Can Oulu’s Acrobatic Barman Take-on the World? Print E-mail
By News   
Thursday, 25 June 2009

An Oulu barman may be on the way to being crowned the world champion cocktail shaker, if all goes to plan next week.

ImageTomi Pylvänäinen of Oulu’s 1Bar is already something of a celebrity amongst the city’s cocktail connoisseurs. He can juggle four wine bottles at a time and play many other dangerous looking games as he serves the bar's many cocktails in the most dramatic and injury-defying ways possible.

In fact, the drink-serving stunts of Pylvänäinen and his colleagues are so popular that the bar organises private parties at which they are the central attraction. For just under a thousand euros, you can buy the ‘Tandem Show’ where the bar’s professional ‘bar masters’ will attend to your drinking needs all night in the most breath-taking and flamboyant way possible.

And these rare skills have led to Pylvänäinen, who has been a barman for 14 years and has been practicing what is known as ‘flair tending' for the last five years, reaching the semi-finals of London’s Road House World Flair Championship. Being a successful ‘flair tender’ is not easy. Tomi trains for up to three hours a day and spends a lot of his spare time honing his ‘flair tending’ skills.
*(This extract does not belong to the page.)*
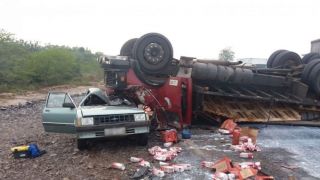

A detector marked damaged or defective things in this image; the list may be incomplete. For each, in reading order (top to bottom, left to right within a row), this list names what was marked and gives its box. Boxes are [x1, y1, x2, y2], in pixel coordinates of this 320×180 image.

damaged car [42, 88, 151, 150]
overturned truck [99, 32, 320, 128]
Hopefully, it will all have been worth it when he travels to London on Monday to take part in the third heat of the ‘World Open Road House World Flair Championships’ with thirty of the best flair-tenders from all around the world. If he makes it through by being one of the top three, he could win prize money of up to £1000 (about 1100 euros) and go through to the November world final. And here he could take way prize money of £10,000.

Tomi triumphed in the Baltic heat of the competition last year but lost out to the eventual winner, an Englishman. ‘There is some really tough competition,’ he said. However, for Tomi, taking part is about ‘getting known and getting this bar known around the world . . . it’s not just about the money!’
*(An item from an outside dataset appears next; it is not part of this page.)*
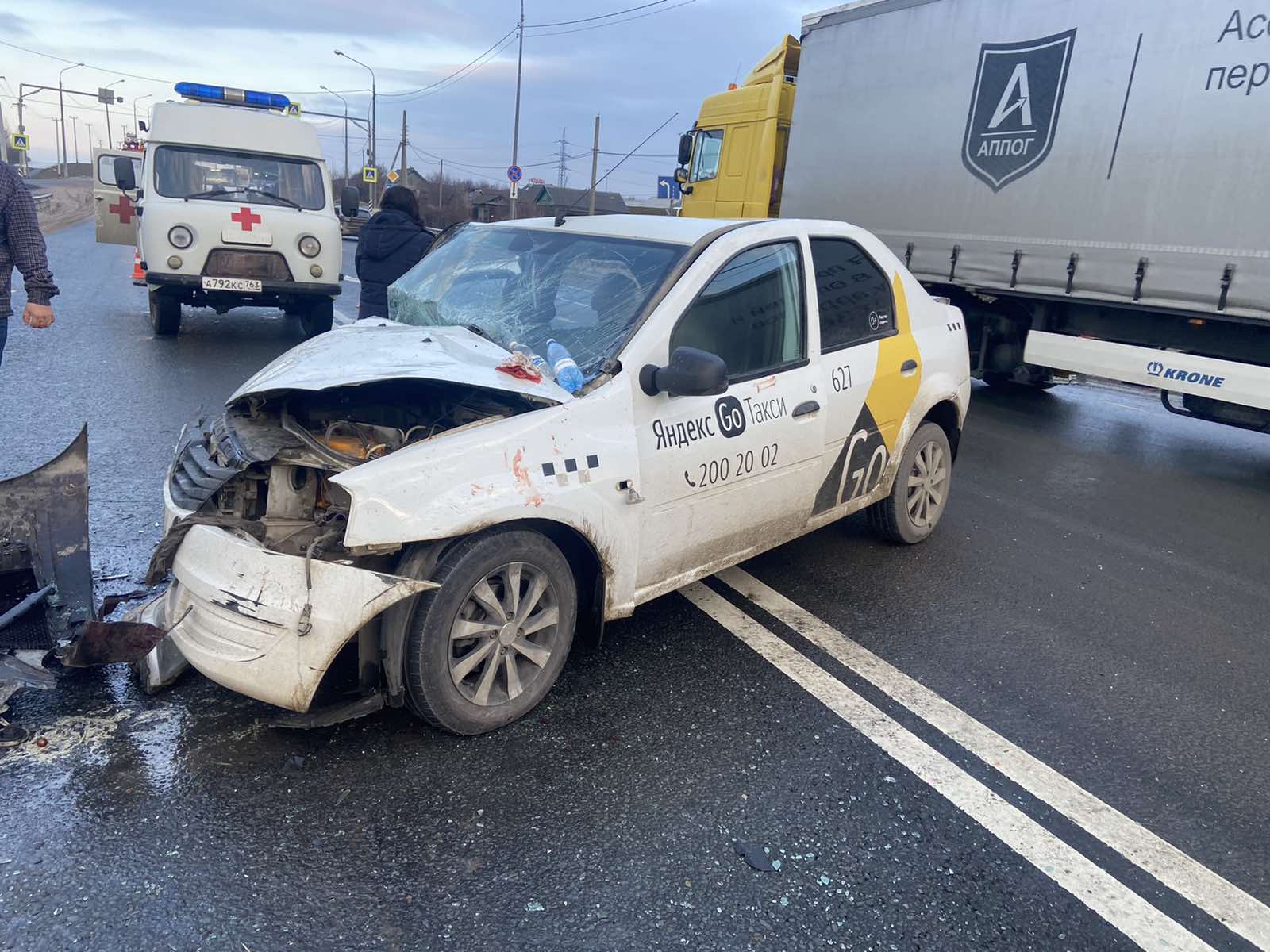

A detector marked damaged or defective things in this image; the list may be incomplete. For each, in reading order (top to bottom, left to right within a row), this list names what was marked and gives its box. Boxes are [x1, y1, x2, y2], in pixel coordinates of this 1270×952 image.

crumpled car hood [231, 324, 579, 406]
shattered windshield [386, 225, 686, 381]
damaged white taxi car [133, 216, 970, 736]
The competition is has pretty strict rules. The flair routine must last no longer than 5 minutes and bottles to be used must not be empty when the routine starts. And the criteria as to whether or not a drink has delivered with ‘flair’ are also stringent. The glass must be full of ice, there must be one shot of alcohol, there must new and original moves and interactions with the music and tenders will be penalised for any spillages while doing their performance.

The competition began ten years at ‘Road House’, a nightclub in London’s ‘Covent Garden’ district. Bartenders decided to get on the stage and compete with each other to see who could make a drink in the most dramatic, skilful and entertaining way. Impressed by they’d done, the bar went about organising an international competition. It began the following year.